Paul Henreid (January 10, 1908 – March 29, 1992) was an Austrian actor, director, producer, and writer. He is best remembered for two film roles; Victor Laszlo in Casablanca and Jerry Durrance in Now, Voyager, both released between 1942 and 1943.

Early life
Born Paul Georg Julius Hernreid in the city of Trieste, then part of the Austro-Hungarian Empire, Henreid was the son of Maria-Luise (Lendecke) and Karl Alphons Hernreid, a Viennese banker, born as Carl Hirsch, who had converted in 1904 from Judaism to Catholicism, due to anti-semitism. Henreid's father died in April 1916, and the family fortune had dwindled by the time he graduated from the exclusive Theresianische Akademie.

Stage and film careers
Henreid trained for the theatre in Vienna, over his family's objections, and debuted there on the stage under the direction of Max Reinhardt. He began his film career acting in German and Austrian films in the 1930s. During that period, he was strongly anti-Nazi, so much so that he was later designated an "official enemy of the Third Reich" and all his assets were seized.
In 1934 Henreid tried to become a member of the NS-Reichsfilmkammer (National Sozialistic Reich Film Chamber). He was declined, after the NS-Regime found out that he was a half jew. In 1937 he tried again to get a member by a special permit. This request was personally rejected by Joseph Goebbels.
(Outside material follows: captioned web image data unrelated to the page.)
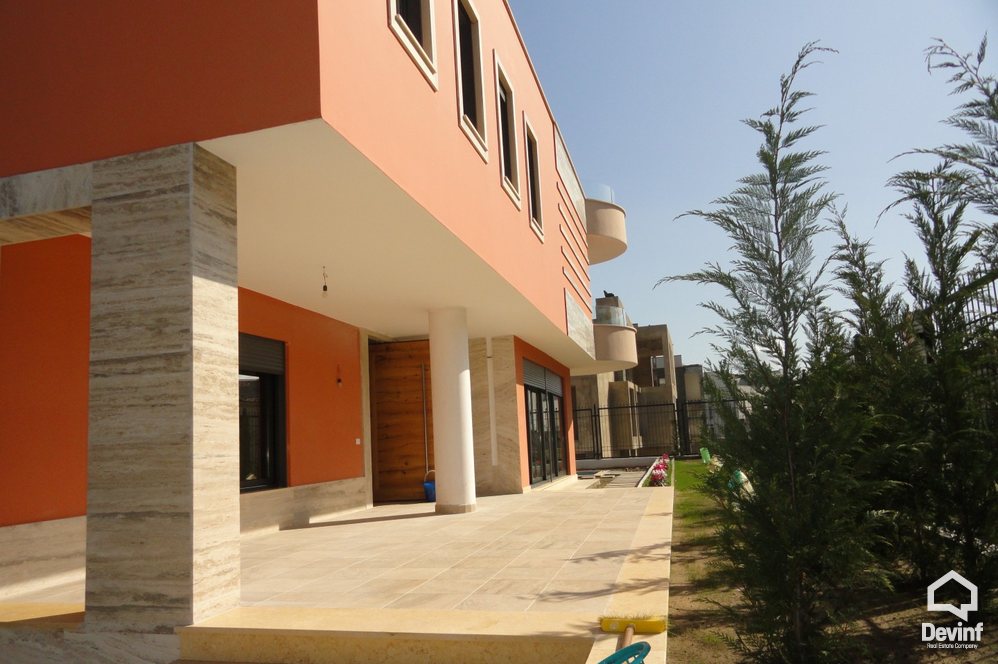 Tirane For Sale Villa 4+1+A New villa near the artificial lake of Tirana Residential Complex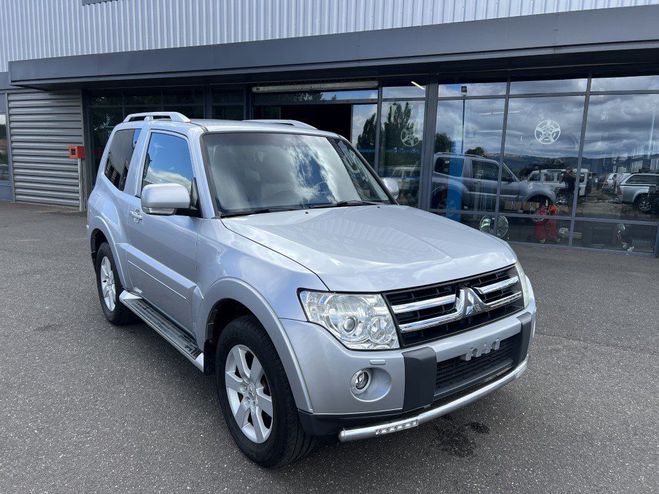 Mitsubishi Pajero 3.2 DID 200 CV Instyle Boite mcanique Gris clair de 2009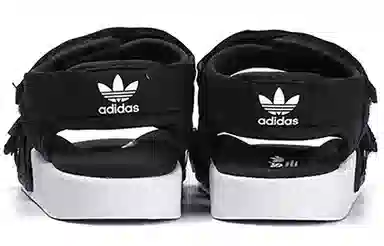 adidas Adilette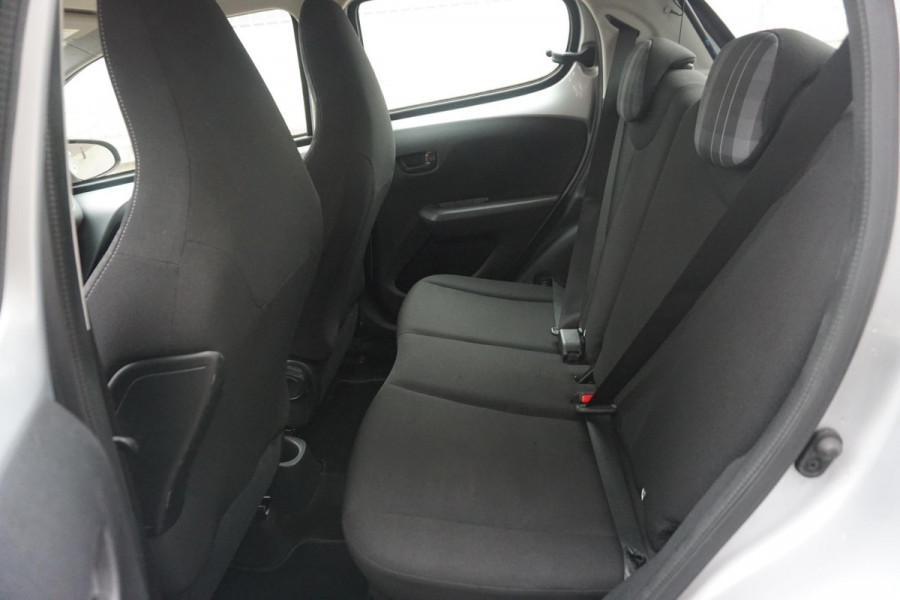 Peugeot 108 1.0 e-VTi Pack Premium Active/Airco/Mistlampen/ APK Oktober 2028.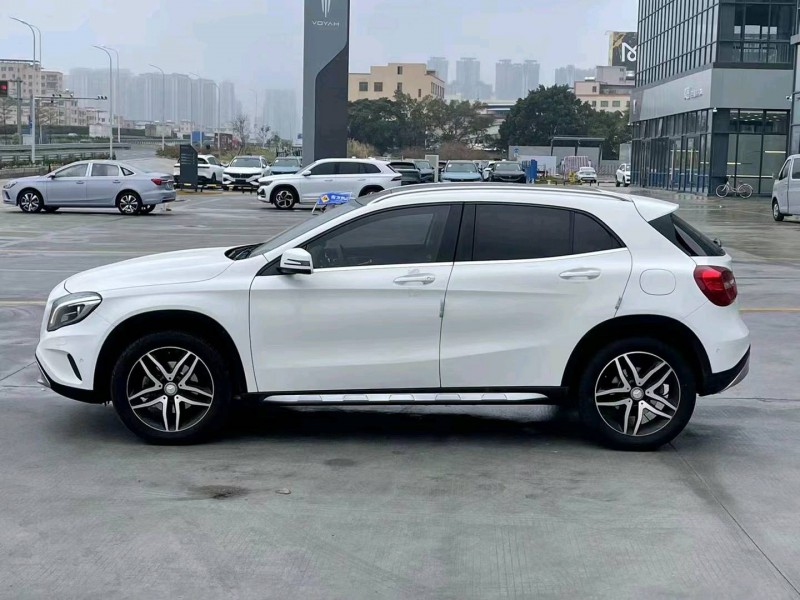 广州16年奔驰GLA2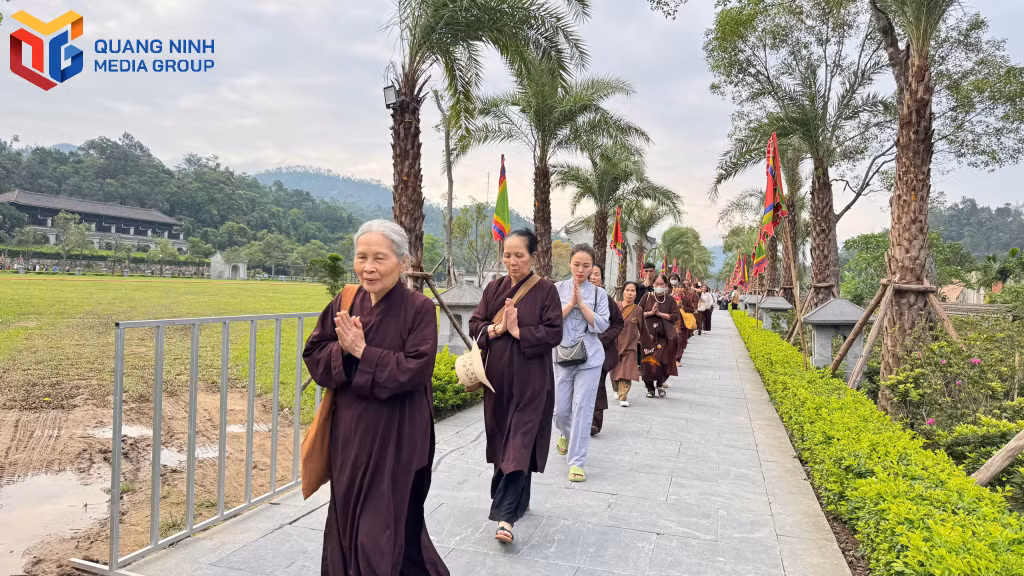 Người dân xếp thành hàng tiến vào chiêm bái xá lợi Đức Phật. 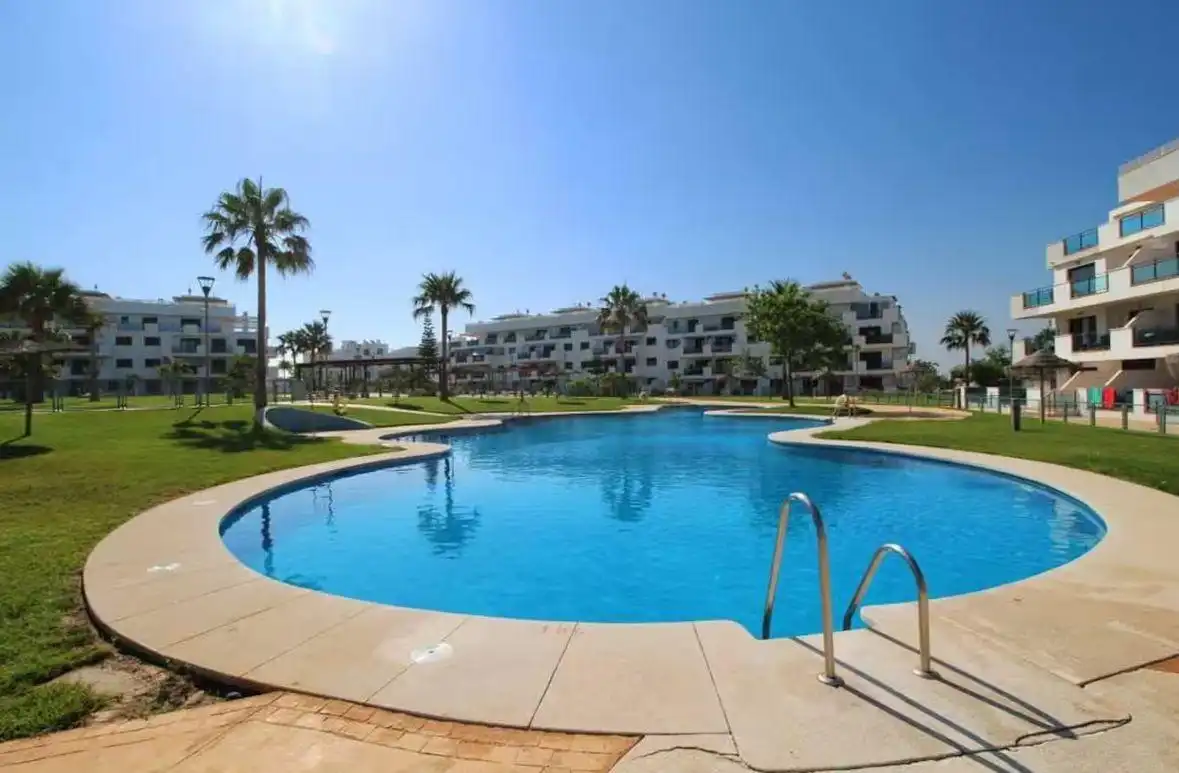 Jardín de Piso en venta en Almería con Aire acondicionado, Terraza y Trastero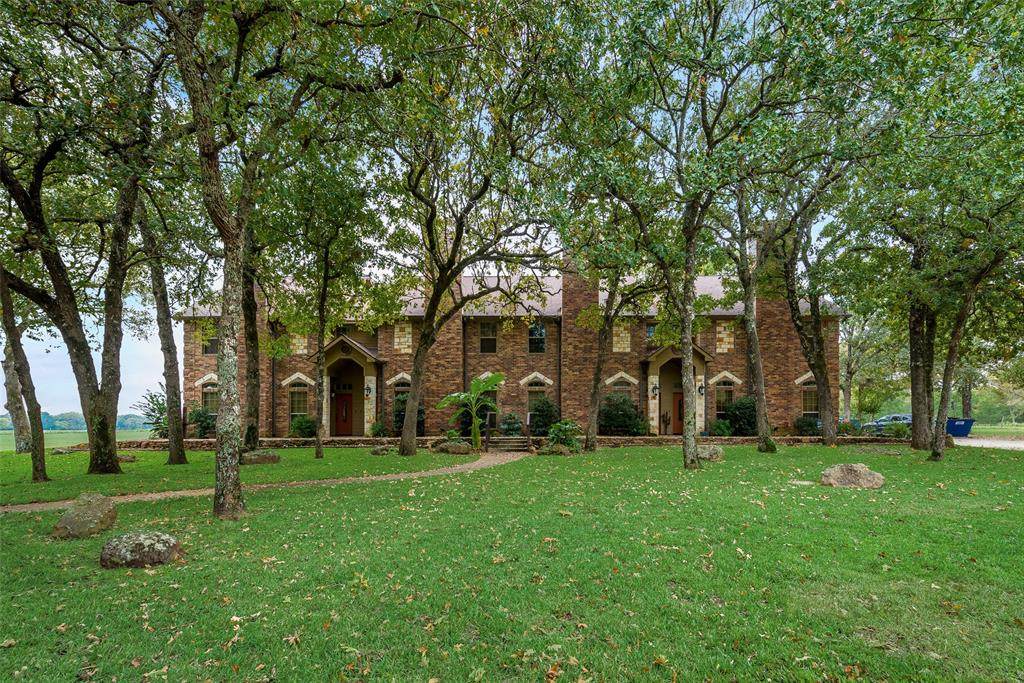 1800 County Road 4817 - Photo 1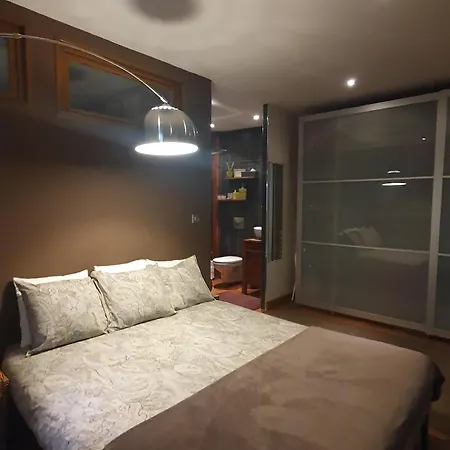 Homestay Double Accueillante Avec Douche Privative Ecully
Career in the United Kingdom
In 1937 Henreid played Prince Albert in the first British stage production of Victoria Regina.  With the outbreak of the Second World War in 1939, Henreid risked deportation or internment as an enemy alien, but Conrad Veidt (who later appeared as Major Heinrich Strasser in the film Casablanca) spoke for him, and he was allowed to remain and work in British films. Veidt himself was an avowed anti-Nazi, with a Jewish wife. Thanks to such support, Henreid was able to continue his work in British films. In 1939 he had a notable supporting role as Staefel in Goodbye, Mr. Chips and the next year third billing as a German espionage agent in the thriller Night Train to Munich. In 1940 he also performed in a minor role in the British musical comedy spy film Under Your Hat.

RKO, Warner Bros., and MGM
After relocating to the United States and having a successful run on Broadway in Flight to the West, Henreid was put under contract by RKO in 1941. The studio changed his name by dropping the nobiliary particle "von", as simply "Henreid" would sound less overtly Germanic. That year, Henreid became a citizen of the United States. His first film for the studio was Joan of Paris, released in 1942, that became a big hit.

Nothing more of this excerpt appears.